Write out every line exactly, from the start of the records below to the line with "1984 Ford Bronco", and stop there. Don't write out the pictures.

((

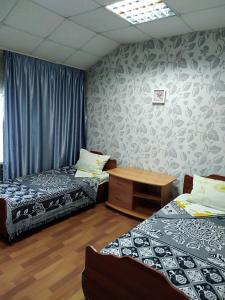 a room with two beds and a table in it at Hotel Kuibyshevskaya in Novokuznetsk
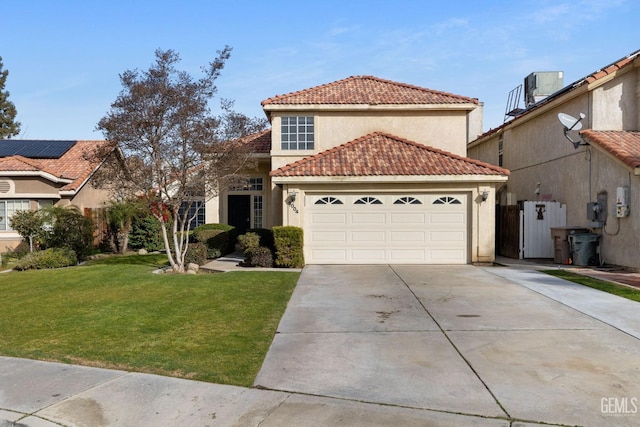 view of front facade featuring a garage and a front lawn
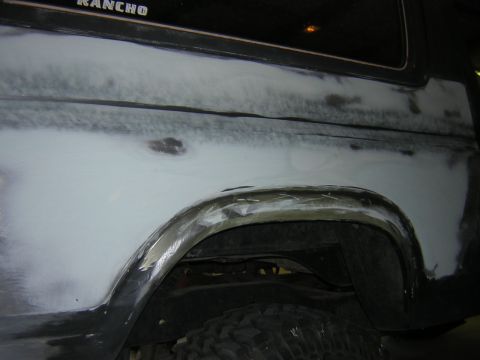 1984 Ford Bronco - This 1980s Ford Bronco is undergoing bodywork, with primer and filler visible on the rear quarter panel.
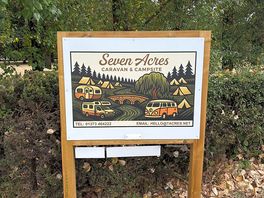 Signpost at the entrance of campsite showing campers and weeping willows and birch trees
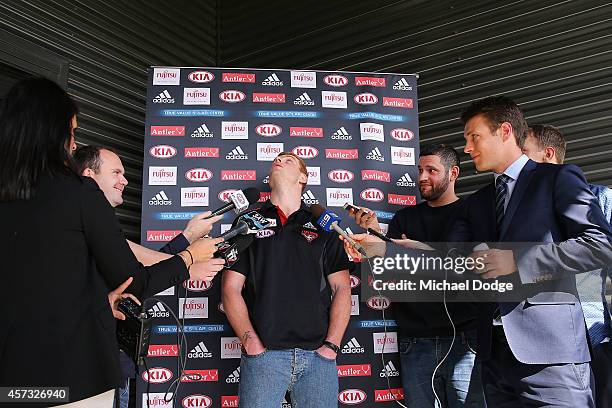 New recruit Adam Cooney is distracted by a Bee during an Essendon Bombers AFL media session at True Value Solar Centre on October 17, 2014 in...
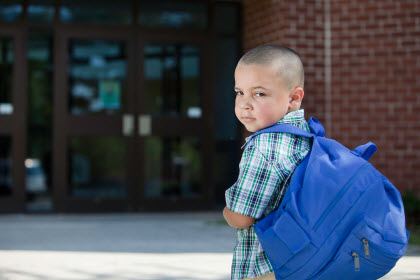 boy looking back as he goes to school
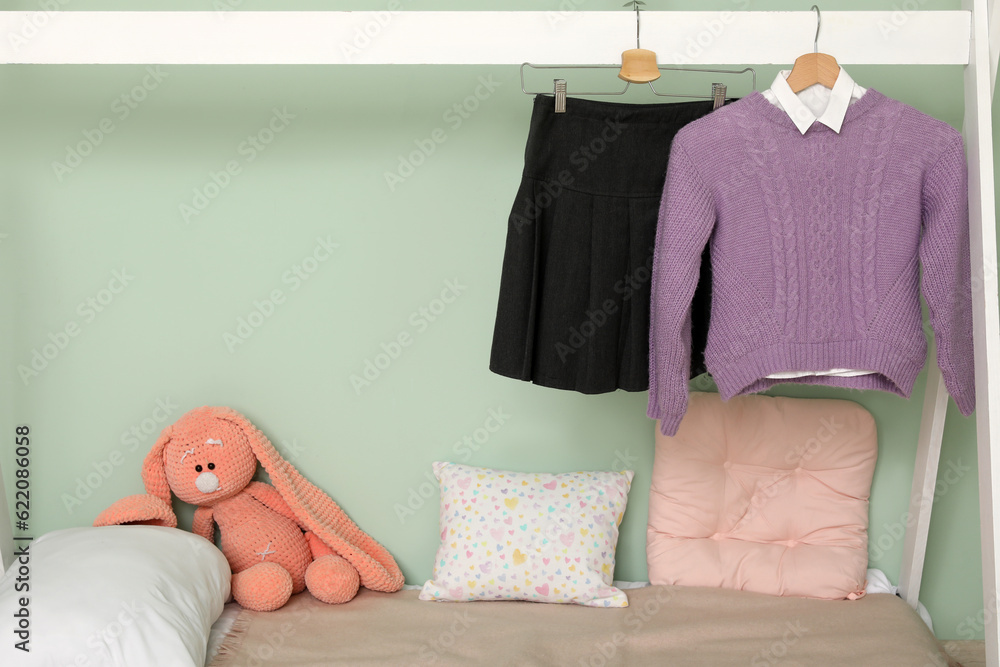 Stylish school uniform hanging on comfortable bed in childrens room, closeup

))

_Response:_
 a room with two beds and a table in it at Hotel Kuibyshevskaya in Novokuznetsk
 view of front facade featuring a garage and a front lawn
 1984 Ford Bronco - This 1980s Ford Bronco is undergoing bodywork, with primer and filler visible on the rear quarter panel.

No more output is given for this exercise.